RFC: Implementing -fno-delete-null-pointer-checks in clang

I’m working with an embedded architecture that could, in some situations, run faster if code or data could be located at address zero. I don’t know whether this applies to other embedded chips.

Thanks Tim and Eli,
I should have put the GCC description for the flag in the email.

Regarding the suggestion to DataLayout, It is an interesting idea. I like it in particular since it will avoid creating a new llvm optimization flag and is auto embedded in IR.

Given that, how do we want to proceed, do we want to add yet another field to the DataLayout string?

e.g.

  1. Add to already overloaded pointer types? e.g. p[n]::::: <NullPointerValid ? 1 : 0>
  2. (My preference) Or create another unique field identifier: e.g. np[n]: <NullPointerValid ? 1 : 0>

Thanks,
Manoj

Modifying the datalayout is not a good idea; it doesn’t interact with LTO correctly, and the frontend and the backend generally need to agree on the datalayout. You could maybe use a module flag, if the address-space thing doesn’t work for some reason, but we don’t like to introduce more of those if we can avoid it. -Eli

Actually, thinking about it a bit more, a function attribute would be better than a module flag. But I’d still like to explore the address-space thing first, since we already have the LLVM infrastructure to make that work. -Eli

Probably a fair point, though I think it has a subtle effect on how
the feature is documented. It becomes more about whether code in this
translation unit is permitted to access an object at 0 than whether
such an object exists.

Cheers.

Tim.

Thanks Eli,

I was looking around for the cases where AddrSpace !=0 are checked. Seems like there are a bunch of optimizations that will fail to apply for non zero address spaces.
So I’ll start with the function attribute approach.

-Manoj

Isn't that exactly what we want? Did you look in enough detail to
determine that these optimizations *should* have applied? I'd be
pretty interested to know what we disable for the others, because the
the null thing is the only guarantee I knew about that we made.

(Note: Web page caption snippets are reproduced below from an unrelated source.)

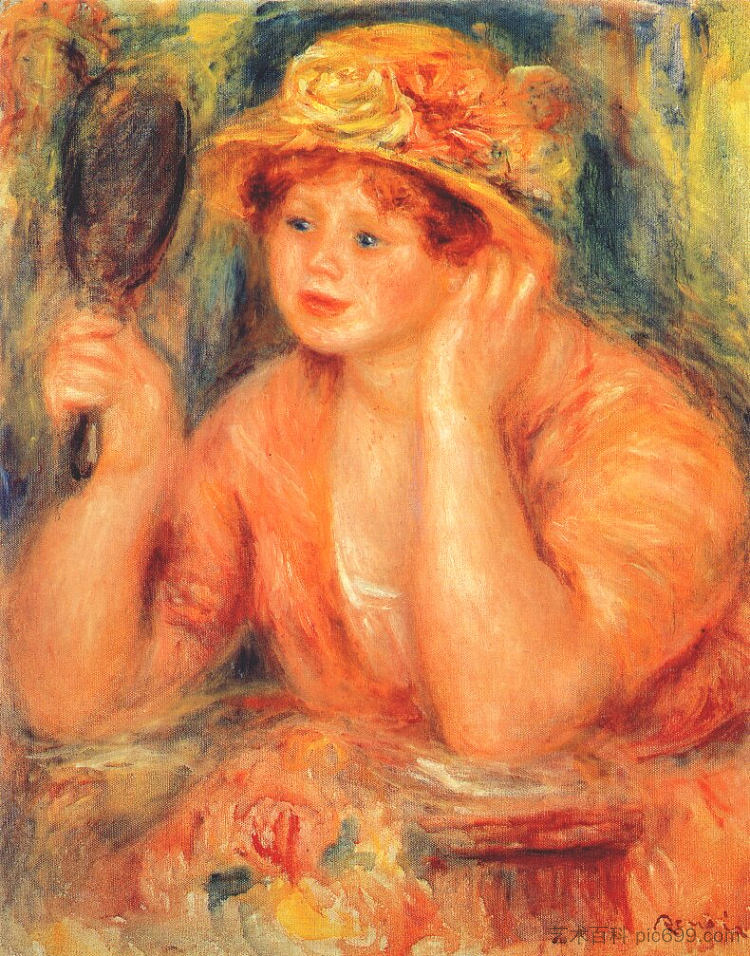 看着镜子的女孩 Girl looking into a mirror (c.1912),皮耶尔·奥古斯特·雷诺阿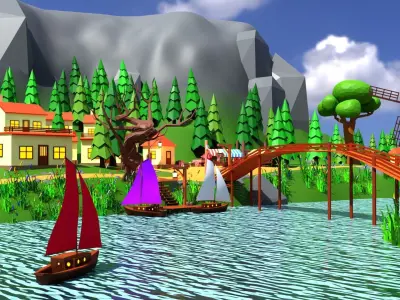 Environment Low-poly 3D model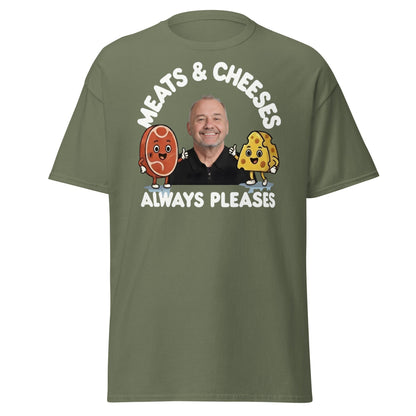 Meats & Cheeses Always Pleases Funny Foodie T-Shirt - Military Green - T-Shirts Online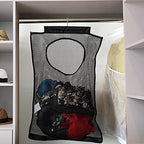 Hanging Mesh Laundry Hamper (30in*20in*2in) Large Dirty Clothes Bag, Can Be Used Behind The Door & Closet & Caravan& Bathroom (Black) - color: Black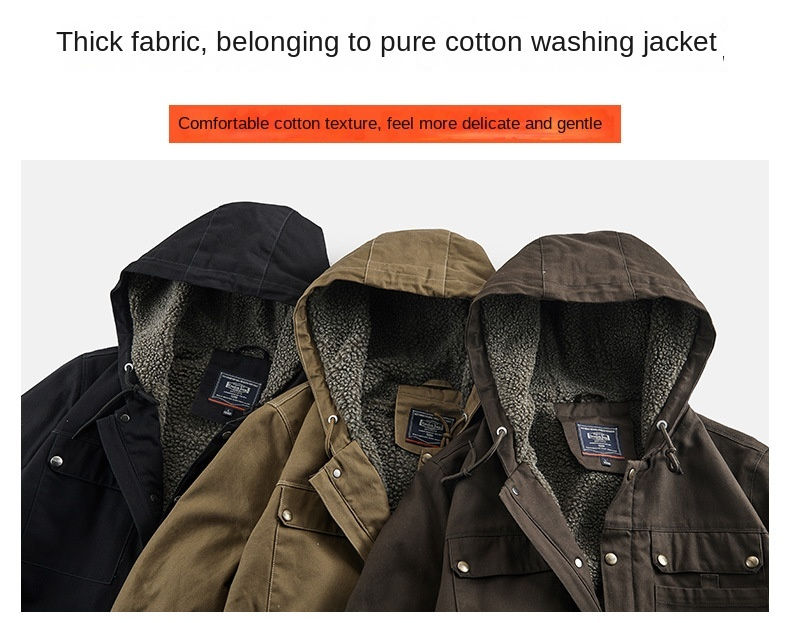 Миниатюра: Men's Cold Jackets Hunting Clothes Retro Hooded Zip-up Coat Winter Techwear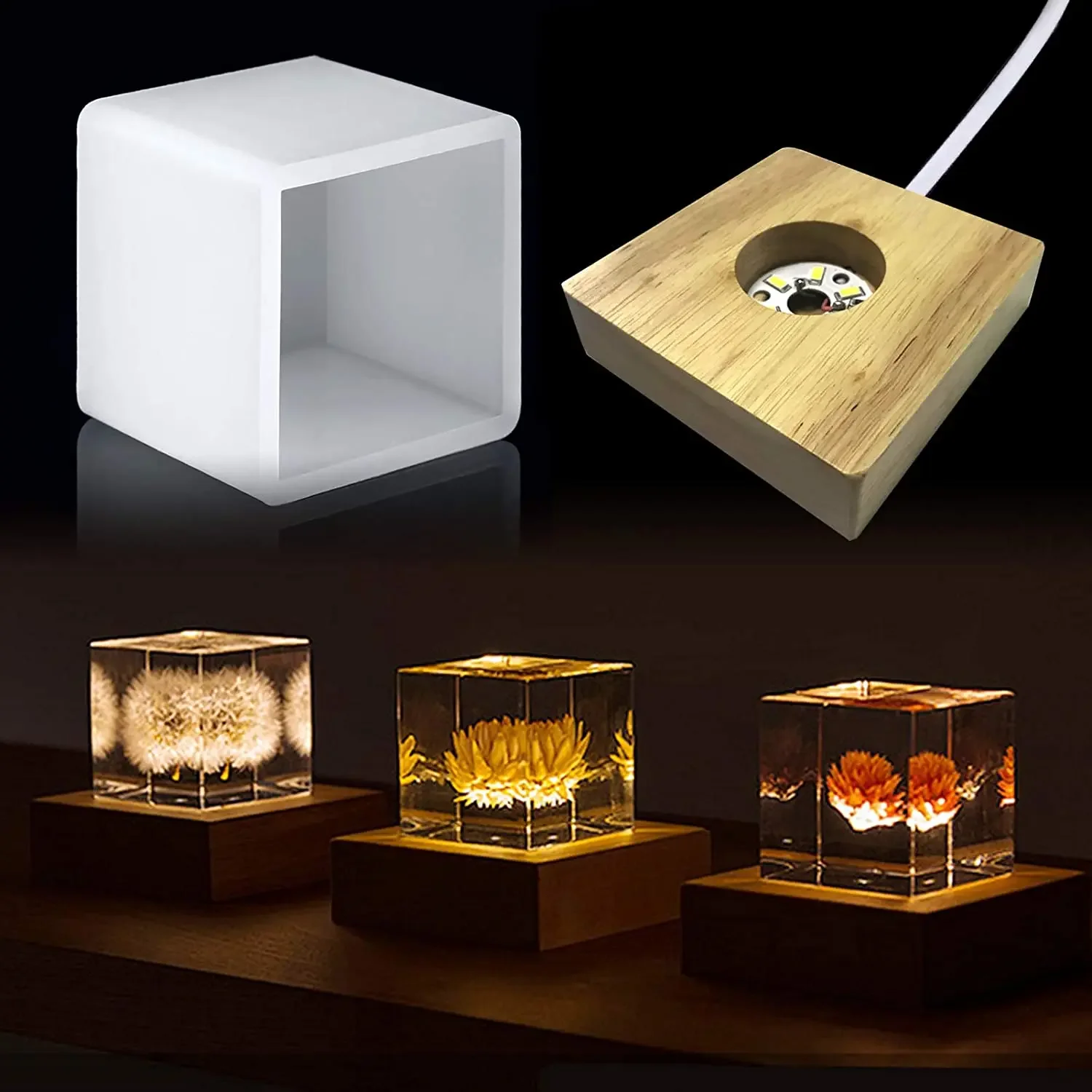 Resin Art Lamp - Square Light Resin Mold,led Silicone Molds
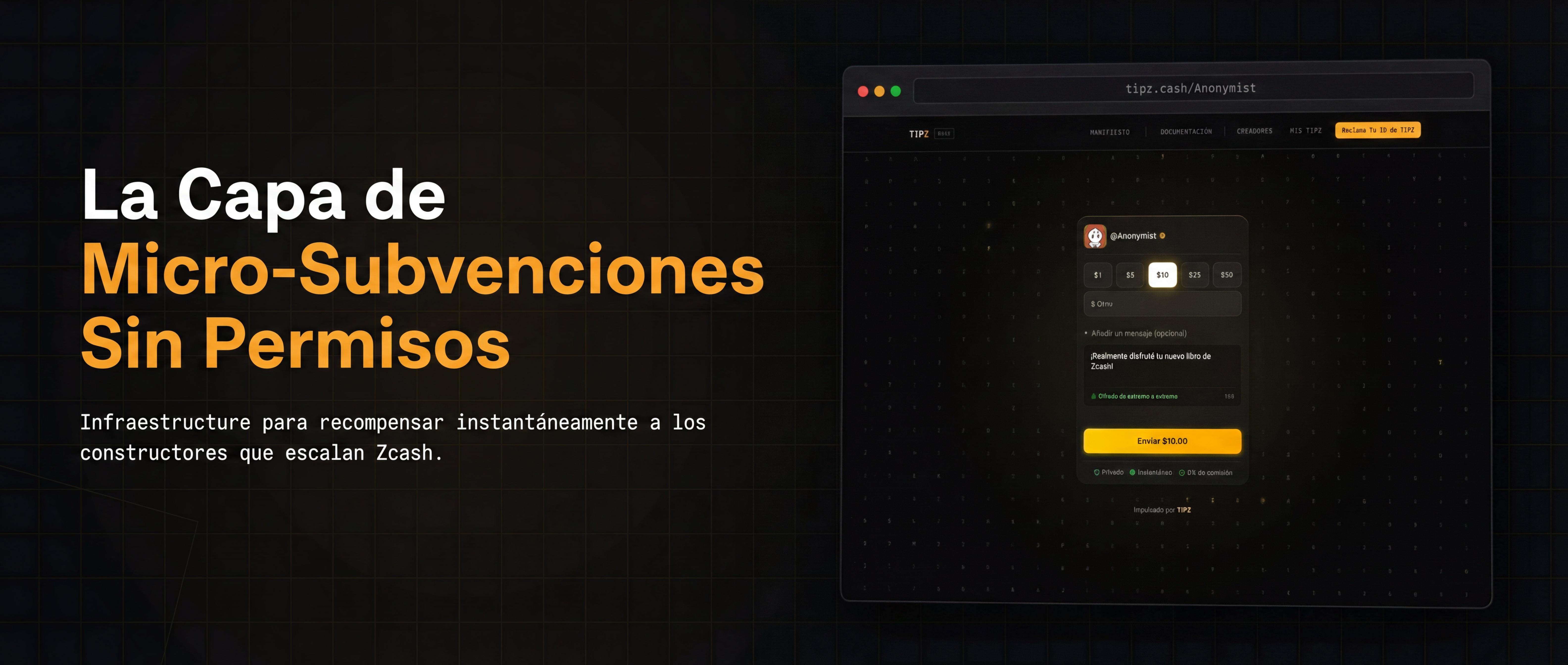 Financiación colectiva entre particulares para el ecosistema de Zcash. Envía cualquier criptomoneda y recibe ZEC protegido
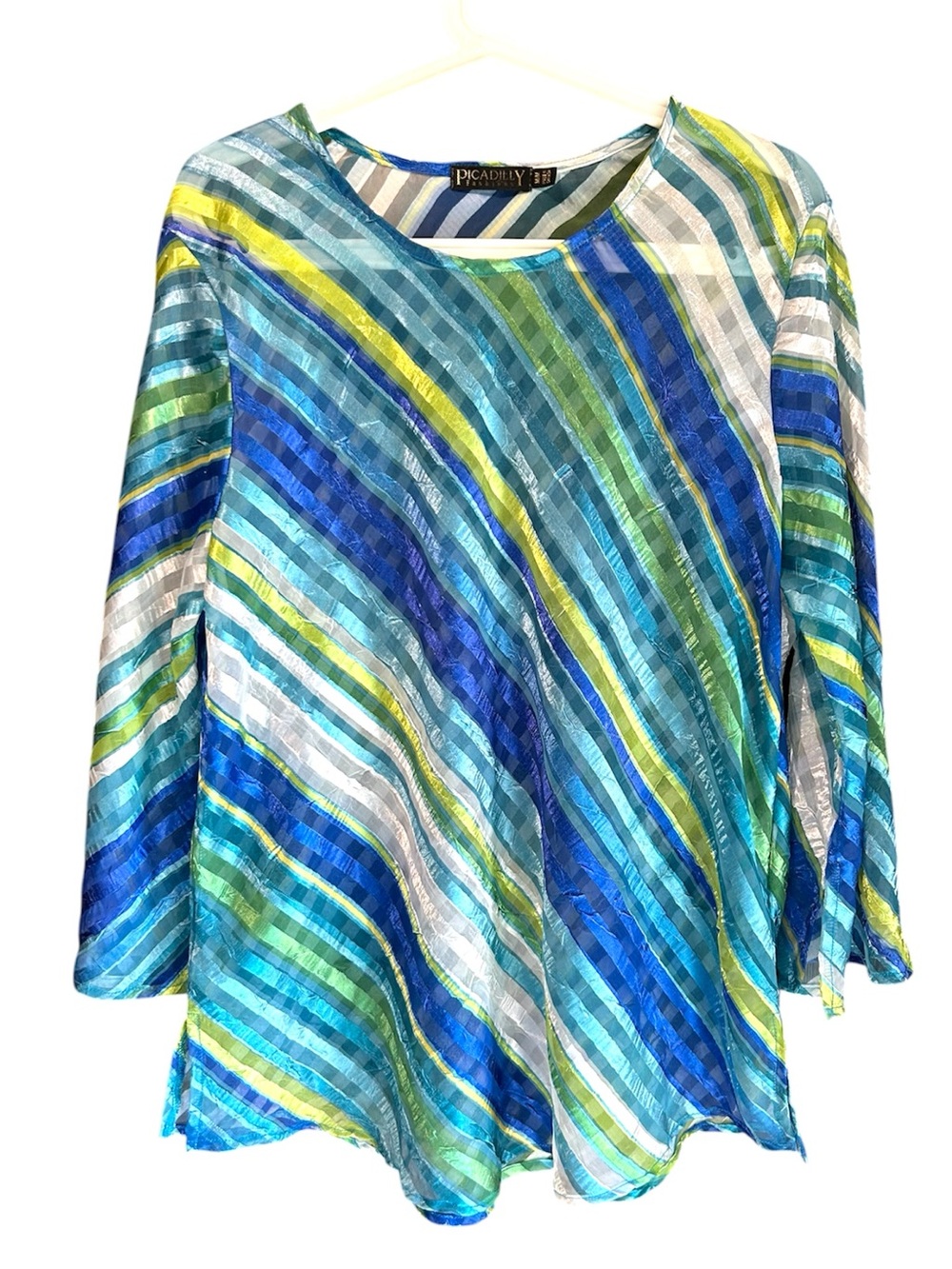 🇨🇦 Picadilly Fashion Blue, Green & Yellow Striped Tunic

Also, I'm pretty unconvinced optimization should be our first priority
here. That smacks of the untenable (IMO) option 2. Whatever we do I
want a program with well-defined semantics at the end. Starting from a
known good position and enabling desirable optimizations that we have
decided are valid is a significantly better path than starting with
"you might get lucky" and disabling extra optimizations that are
reported to us.

I realise this actually argues against my datalayout suggestion too,
so I'm getting a lot more convinced by Eli (& Duncan).

Cheers.

Tim.

I was looking around for the cases where AddrSpace !=0 are checked. Seems
like there are a bunch of optimizations that will fail to apply for non zero
address spaces.

Isn’t that exactly what we want? Did you look in enough detail to
determine that these optimizations should have applied? I’d be
pretty interested to know what we disable for the others, because the
the null thing is the only guarantee I knew about that we made.

Also, I’m pretty unconvinced optimization should be our first priority
here. That smacks of the untenable (IMO) option 2. Whatever we do I
want a program with well-defined semantics at the end. Starting from a
known good position and enabling desirable optimizations that we have
decided are valid is a significantly better path than starting with
“you might get lucky” and disabling extra optimizations that are
reported to us.

I realise this actually argues against my datalayout suggestion too,
so I’m getting a lot more convinced by Eli (& Duncan).

Cheers.

Tim.

Thanks a lot Tim,

My understanding is we only want to disable the optimizations regarding undefined behavior
related to null pointer deference optimizations. And address space checks will end up
disabling more optimizations than needed.
I did look at some of the optimizations/transforms and there are some that we definitely want to keep.

Just a quick example from grepping: lib/Transforms/Scalar/LoopIdiomRecognize.cpp


// Don’t create memset_pattern16s with address spaces.
StorePtr->getType()->getPointerAddressSpace() == 0 &&
(PatternValue = getMemSetPatternValue(StoredVal, DL))) {
// It looks like we can use PatternValue!
return LegalStoreKind::MemsetPattern;
}

Even worse, Sanitizers do NOT work with address spaces which is a big deal breaker IMO.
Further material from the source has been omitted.